START SUPPLIED MATERIAL
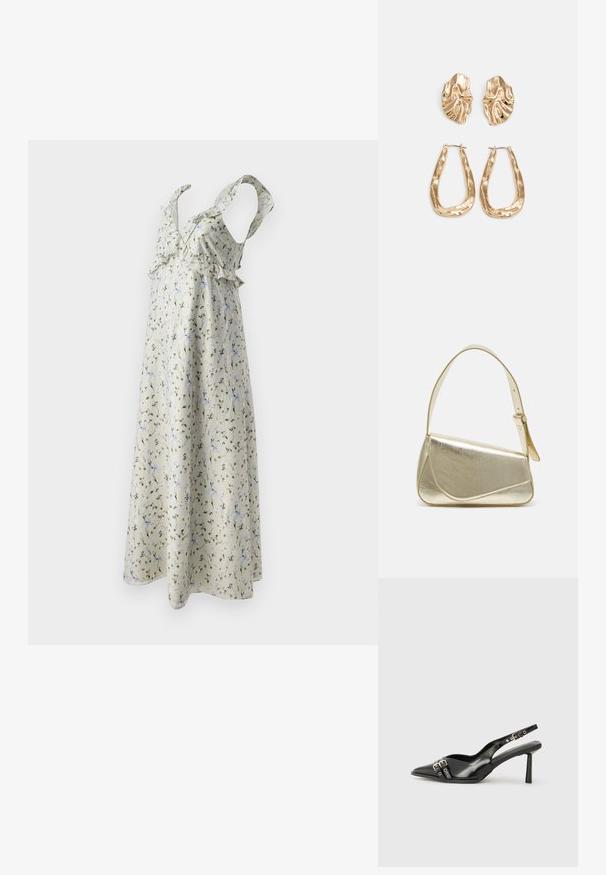 Vestido floral em tecido bege claro com padrões verdes e azuis, apresentando alças com franzido e um design fluido até ao tornozelo.; Sapato slingback preto em pele patentada com bico apontado, tiras no tornozelo apresentando fivelas e acessórios prateados, e um salto elegante.; Bolsa de mão metálica dourada com um design estruturado, textura suave e alça ajustável. Apresenta uma forma triangular única e costura minimalista.; Brincos em tom de ouro com formas onduladas e texturizadas. Inclui studs escultóricos com presilha e um design de argola aberta com um acabamento martelado.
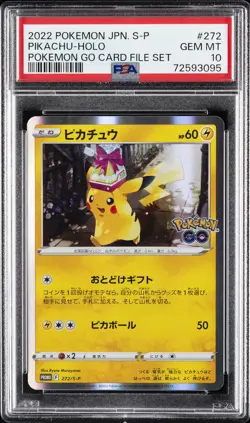 2022 POKEMON JPN S PROMO POKEMON GO CARD FILE SET #272 PIKACHU-HOLO PSA 10 - Image 1
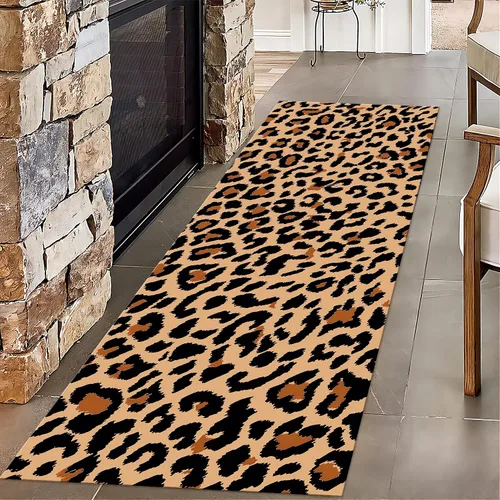 Miniatura 29 de Alfombra de pasillo con estampado de tigre, 2 x 10 pies, alfombra de rayas con estampado de piel de animal, alfombra interior a rayas blancas y 5
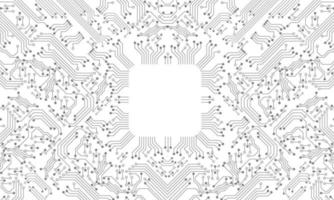 Grey circuit line technology pattern on white background vector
END SUPPLIED MATERIAL
INSTRUCTIONS TO FOLLOW: From the first line to the last, retype the data above exactly, but not its images.

ANSWER BOX:
 Vestido floral em tecido bege claro com padrões verdes e azuis, apresentando alças com franzido e um design fluido até ao tornozelo.; Sapato slingback preto em pele patentada com bico apontado, tiras no tornozelo apresentando fivelas e acessórios prateados, e um salto elegante.; Bolsa de mão metálica dourada com um design estruturado, textura suave e alça ajustável. Apresenta uma forma triangular única e costura minimalista.; Brincos em tom de ouro com formas onduladas e texturizadas. Inclui studs escultóricos com presilha e um design de argola aberta com um acabamento martelado.
 2022 POKEMON JPN S PROMO POKEMON GO CARD FILE SET #272 PIKACHU-HOLO PSA 10 - Image 1
 Miniatura 29 de Alfombra de pasillo con estampado de tigre, 2 x 10 pies, alfombra de rayas con estampado de piel de animal, alfombra interior a rayas blancas y 5
 Grey circuit line technology pattern on white background vector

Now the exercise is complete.